DATA PROVIDED:
▼

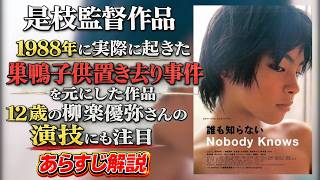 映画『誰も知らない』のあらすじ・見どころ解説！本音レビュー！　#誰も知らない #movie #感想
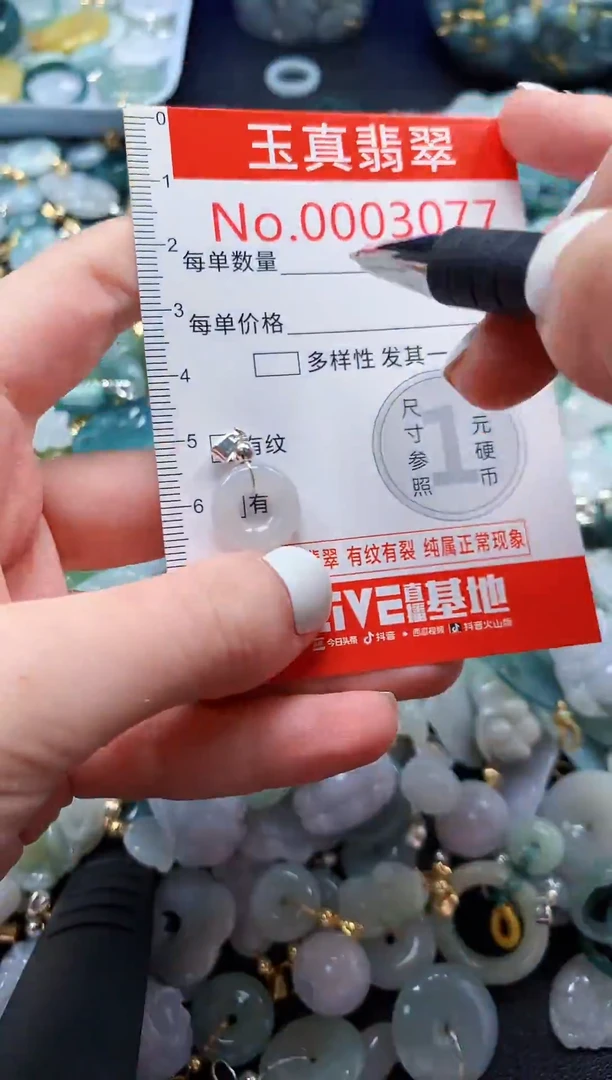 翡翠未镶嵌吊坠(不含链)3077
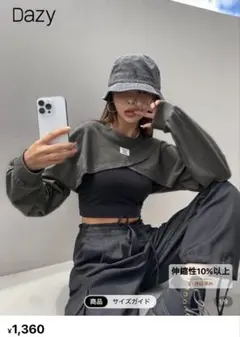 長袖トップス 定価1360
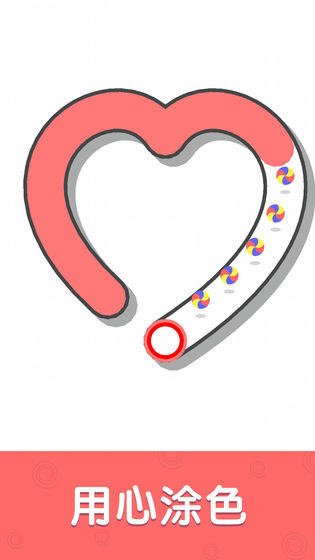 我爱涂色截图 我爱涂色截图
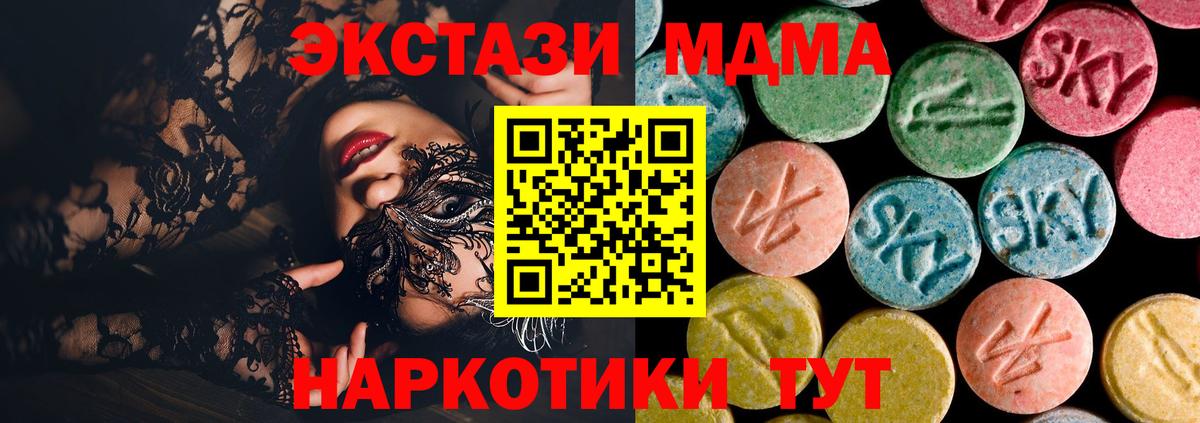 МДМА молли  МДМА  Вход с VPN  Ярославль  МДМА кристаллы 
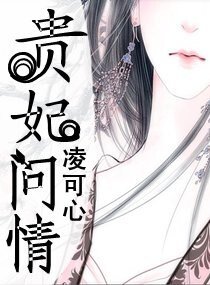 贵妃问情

▲
▼

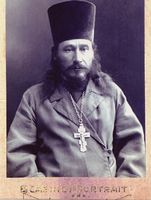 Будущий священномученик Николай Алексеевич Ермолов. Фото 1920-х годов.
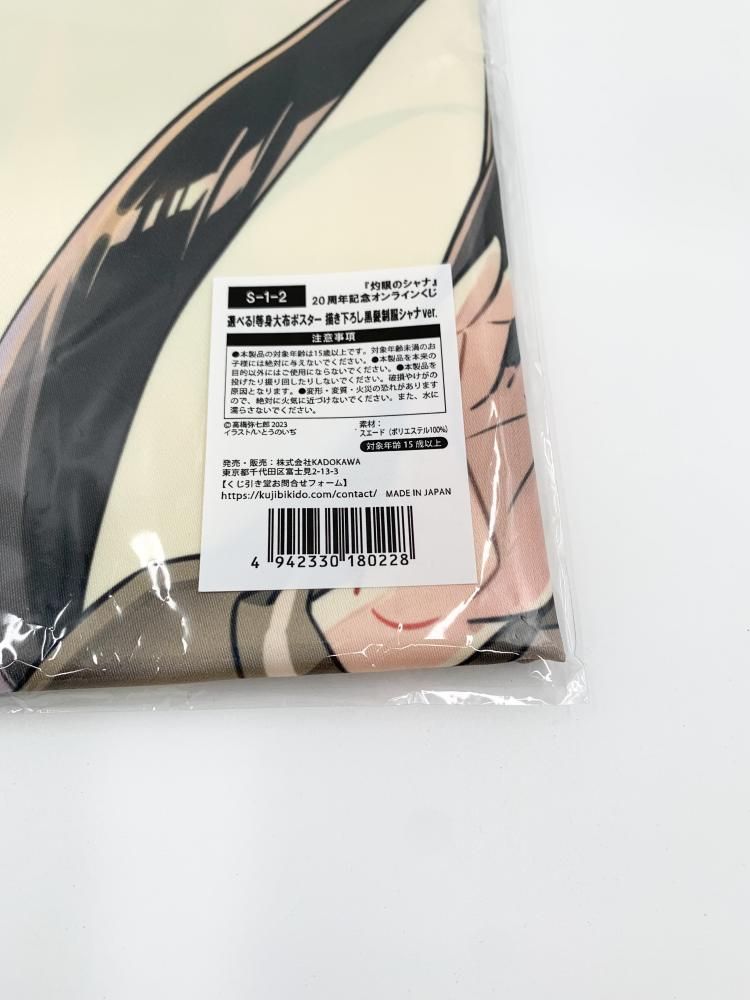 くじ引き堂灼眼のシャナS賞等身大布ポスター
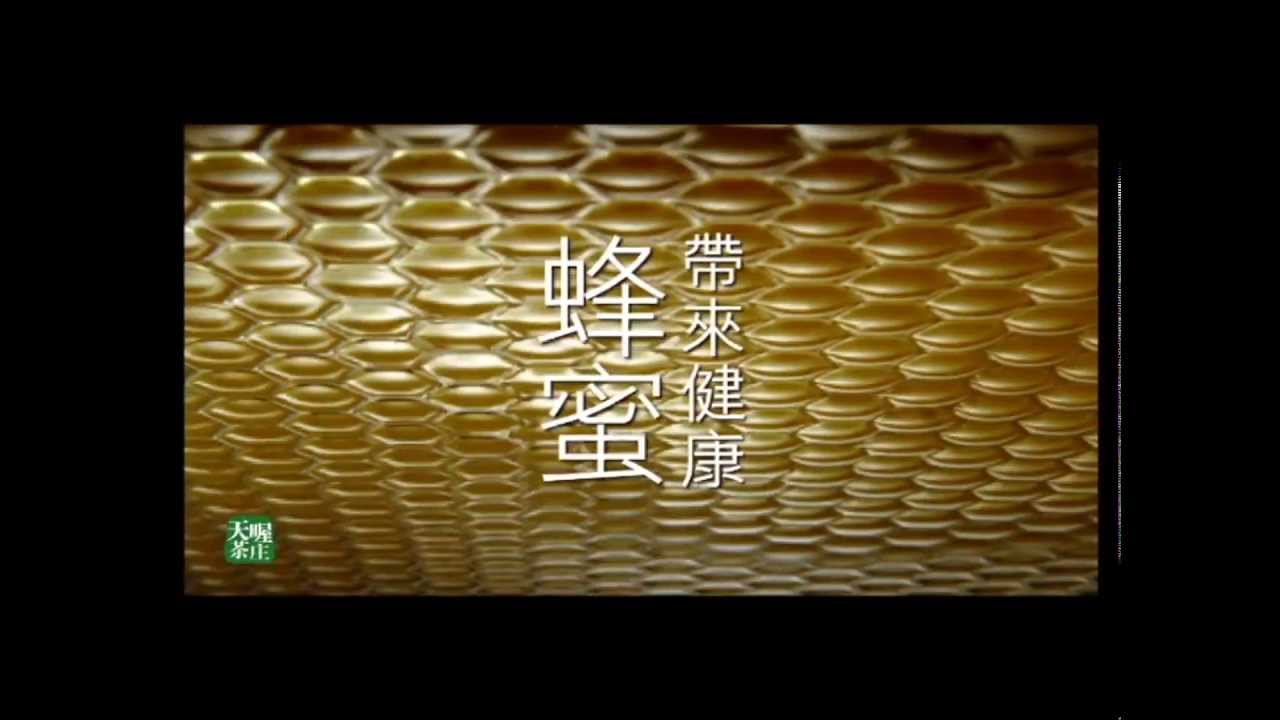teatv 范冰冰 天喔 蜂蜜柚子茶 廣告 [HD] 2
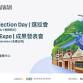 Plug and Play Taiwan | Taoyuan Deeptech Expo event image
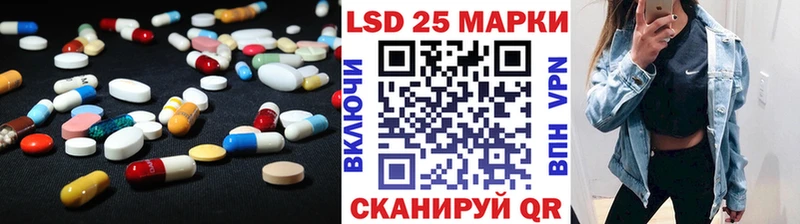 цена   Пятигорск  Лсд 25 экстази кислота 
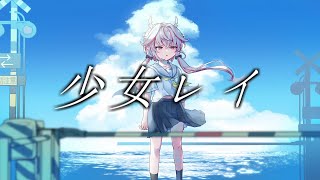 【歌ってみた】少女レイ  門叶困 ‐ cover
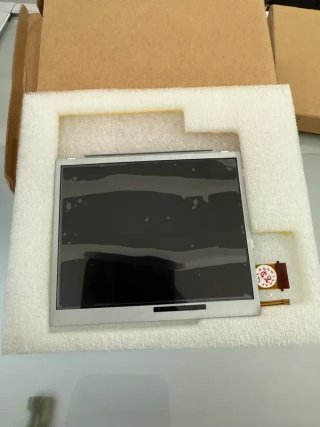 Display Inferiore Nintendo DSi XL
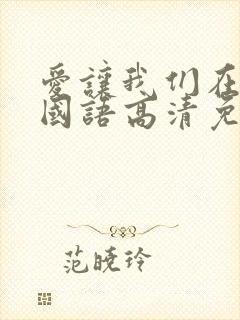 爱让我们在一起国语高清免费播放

▲
▼

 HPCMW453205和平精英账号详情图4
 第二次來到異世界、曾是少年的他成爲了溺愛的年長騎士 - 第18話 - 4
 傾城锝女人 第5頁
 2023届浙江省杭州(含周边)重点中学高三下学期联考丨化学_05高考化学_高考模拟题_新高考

▲

When you reach the line in the material above that holds "第二次來到異世界、曾是少年的他成爲了溺愛的年長騎士 - 第18話 - 4", begin reproducing lines exactly, and stop after the line that holds "2023届浙江省杭州(含周边".

 第二次來到異世界、曾是少年的他成爲了溺愛的年長騎士 - 第18話 - 4
 傾城锝女人 第5頁
 2023届浙江省杭州(含周边)重点中学高三下学期联考丨化学_05高考化学_高考模拟题_新高考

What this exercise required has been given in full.